Von Gira hätte ich etwas mehr Qualität erwartet.

Grüße


----------



## Blockmove (20 Januar 2016)

Ich hatte bei einem Tastsensor auch das Problem.
Alles mal auseinander gebaut und gereinigt. Seitdem alles gut.

Gruß
Dieter


----------



## world-e (31 August 2016)

Hallo,

ich möchte das Thema nochmals hervorholen. Ich habe mir die  Jung LS 5248 TSM Taster gekauft. Nun ist meine Frage, wie habt ihr es gelöst, wenn ich 2 oder 3 solcher 8-fach Taster parallel schalten möchtet? Einfach die Leitungen in den Klemmen der Taster durchgeschleift oder habt ihr spezielle Miniaturklemmen, die in der Installationsdose Platz haben?  Danke


----------



## Blockmove (31 August 2016)

Da ich mir maximale Flexibität bewahren wollte, habe ich (meist) alle Taster zur SPS geführt und Sie dort dann parallel auf die E/As verdrahtet.
Somit kann ich später immer noch was ändern. Dort wo ich sie im Raum parallel geschaltet habe, habe ich eine eigene Dose gesetzt.
Verklemmt habe ich mit den Wago Miniaturklemmen.

Gruß
Dieter


----------



## world-e (31 August 2016)

Gerade bspw. die Taster links und rechts neben dem Bett sollen die gleiche Funktionen haben. Da möchte ich ungern die Kabel in den Verteiler legen. Meinst du die Wago Compact Klemmen? Ich dachte eher an Reihenklemmen, wie auf der Rückseite der 8fach Taster, die man dann verlöten könnte. Wenn man alle 8 Taster belegt, dazu nach ein paar LEDs benutzt, kommen schon einige Pole zusammen


----------



## ohm200x (31 August 2016)

world-e schrieb:


> Gerade bspw. die Taster links und rechts neben dem Bett sollen die gleiche Funktionen haben. Da möchte ich ungern die Kabel in den Verteiler legen.
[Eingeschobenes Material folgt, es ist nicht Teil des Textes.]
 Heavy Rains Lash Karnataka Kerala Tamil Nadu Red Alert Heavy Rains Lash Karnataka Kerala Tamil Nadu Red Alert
Also wegen zwei Adern mehr würde ich mir die Flexibilität die ne SPS bietet nicht verbauen. 
Du ziehst eh eine Leitung in den Keller. 
Kommt auf eine mehr nicht an. [1]
Oder (so lief das bei mir am Bespiel Bett) lege ne bspw. 8 adrige Leitung rechts ans Bett und fahre von da aus mit 4 an den linken Taster.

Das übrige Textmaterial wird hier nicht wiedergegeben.